Nem o choro das crianças, nem o desespero das mães ao verem os seus poucos pertences atirados ao chão comoveram os donos da capital, pois se consideram certos neste quesito.
No entanto, o que os senhores filisteus aceitam como acertos, são erros. E o que os senhores admitem, a contragosto, como sendo erros, são crimes.
Para que não haja sombras de dúvidas, neste artigo não temos o propósito de defender a existência de barracas com baixas condições de habitabilidade para os trabalhadores, mas de demonstrarmos à classe trabalhadora cabo-verdiana que as atrocidades da qual ela é vítima e a pauperização que a cerca, são obras exclusivas da ordem burguesa, portanto cabe somente a classe trabalhadora que tem em mãos o futuro, derrubar o jugo que a oprime.

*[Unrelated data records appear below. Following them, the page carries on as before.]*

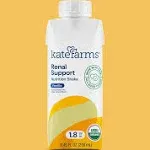 Kate Farms Renal Support 1.8 Vanilla Nutrition Shake, 8.45-ounce Carton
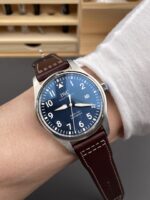 IWC Mark Prince Leather Strap - Image 9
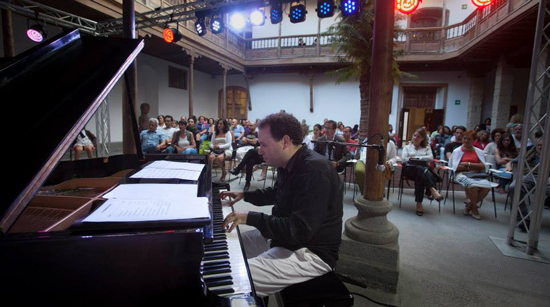 Concierto de Rayco León Group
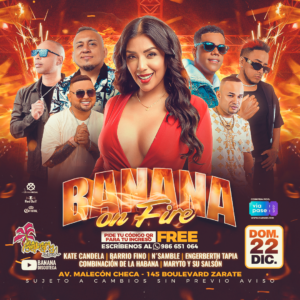 BANANA ON FIRE - Domingo 22 de Diciembre 2024 - Banana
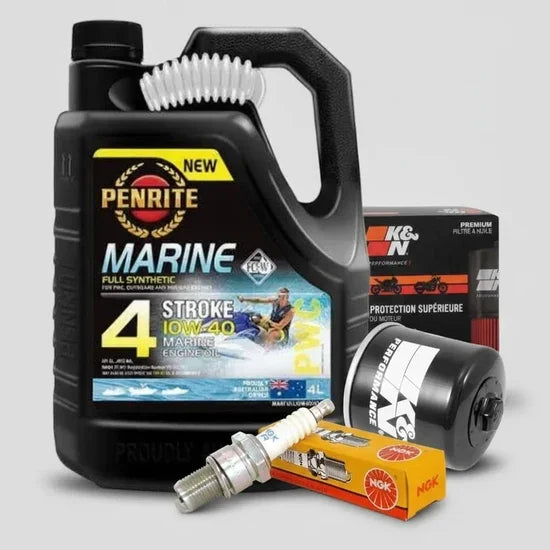 Yamaha WaveRunner 1.8L SVHO Supercharged Complete Service Kit 2014 - 2026+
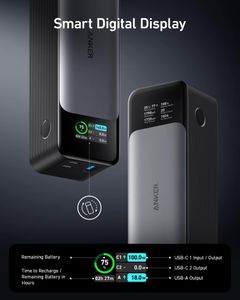Anker 24000mAh Power Bank – Portable High-Capacity Charger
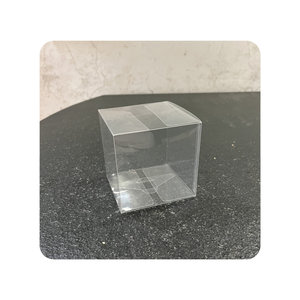Clear Plastic Packaging PVC Box Accept Customization Take Away Shipping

Posto isso, voltemos ao assunto.
Assim como a morabeza parece nunca atingir os proletários do arquipélago, a decência parece nunca tocar os donos do poder. O motivo das cruzadas empregadas contra os proletários são sempre revestidas dos mais nobres ideais, segundo os ideólogos da burguesia.
Arrasa-se dezenas de famílias, pelo bem da arquitetura citadina. A imagem urbanística da cidade ganha o seu esplendor às custas de trabalhadores ao relento. O ordenamento do território só é atingido com excelência quando o proletário é desalojado com brutalidade. Só fulminando as habitações clandestinas dos trabalhadores, que o problema de organização espacial urbana estará resolvida. É com este silogismo oco, que a burguesia consegue dormir tranquila, e a repressão ganha um ar de tradição.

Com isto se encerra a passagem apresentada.